Builder Confidence Up Third Straight Month

Washington, DC, July 16, 2013 -- Builder confidence in the market for newly built, single-family homes rose six points to 57 on the National Association of Home Builders/Wells Fargo Housing Market Index (HMI) for July.

This is the index’s third consecutive monthly gain and its strongest reading since January of 2006.

“Today’s report is particularly encouraging in that it shows improvement in builder confidence across every region as well as solid gains in current sales conditions, traffic of prospective buyers and sales expectations for the next six months,” noted NAHB Chairman Rick Judson, a home builder from Charlotte, N.C.

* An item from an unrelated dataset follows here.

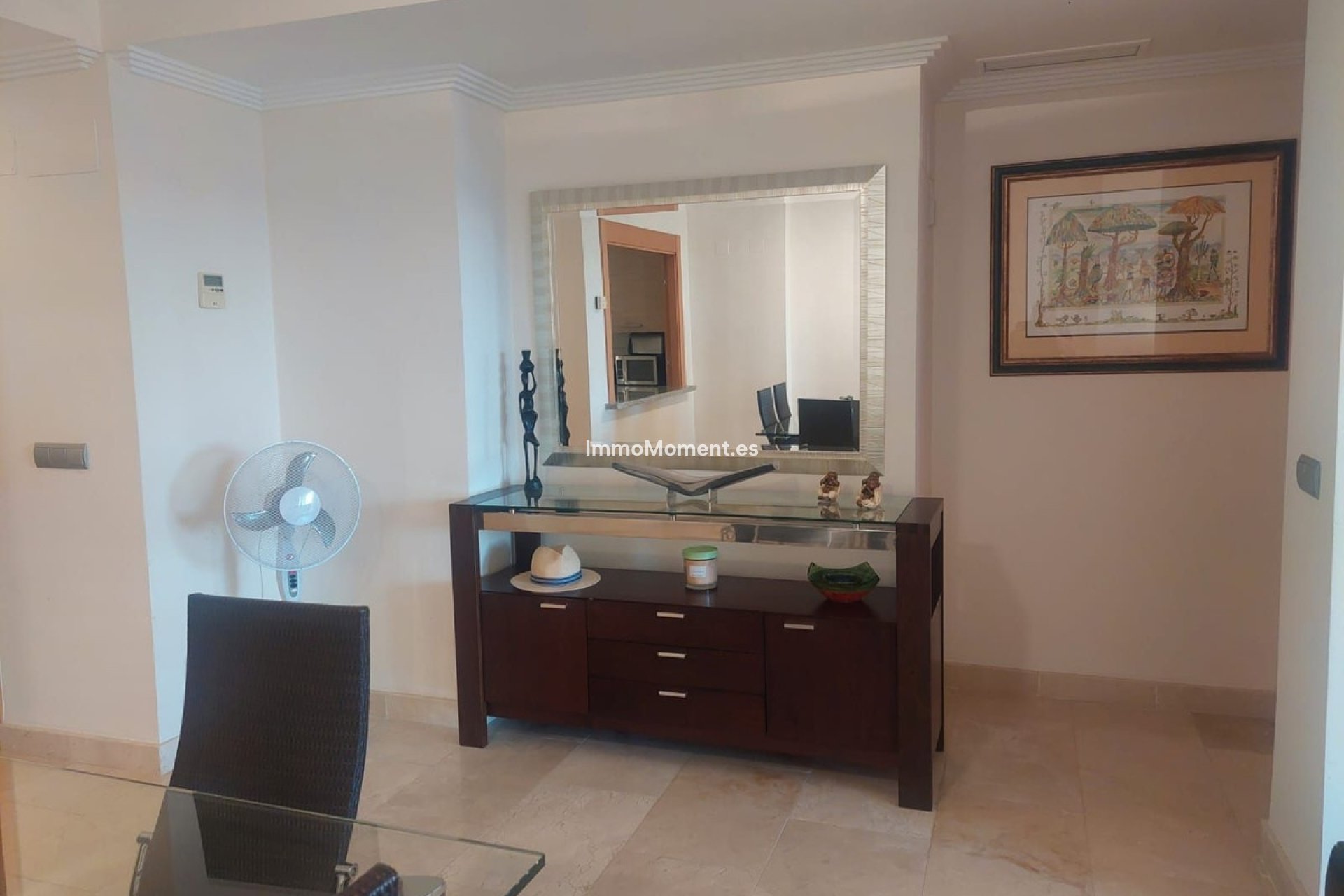 Wiederverkauf - Wohnung - Benahavís - Benahavís Centro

However, he cautioned that “This positive momentum could be disrupted by threats on the policy side, particularly with regard to the mortgage interest deduction and federal support for the housing finance system.”

“Builders are seeing more motivated buyers coming through their doors as the inventory of existing homes for sale continues to tighten,” noted NAHB Chief Economist David Crowe.

“Meanwhile, as the infrastructure that supplies home building returns, some previously skyrocketing building material costs have begun to soften.”
 
The NAHB/Wells Fargo Housing Market Index gauges builder perceptions of current single-family home sales and sales expectations for the next six months as “good,” “fair” or “poor.”

All three HMI components posted gains in July. The component gauging current sales conditions rose five points to 60 – its highest level since early 2006. Meanwhile, the component gauging sales expectations in the next six months gained seven points to 67 and the component gauging traffic of prospective buyers rose five points to 45 – marking the strongest readings for each since late 2005.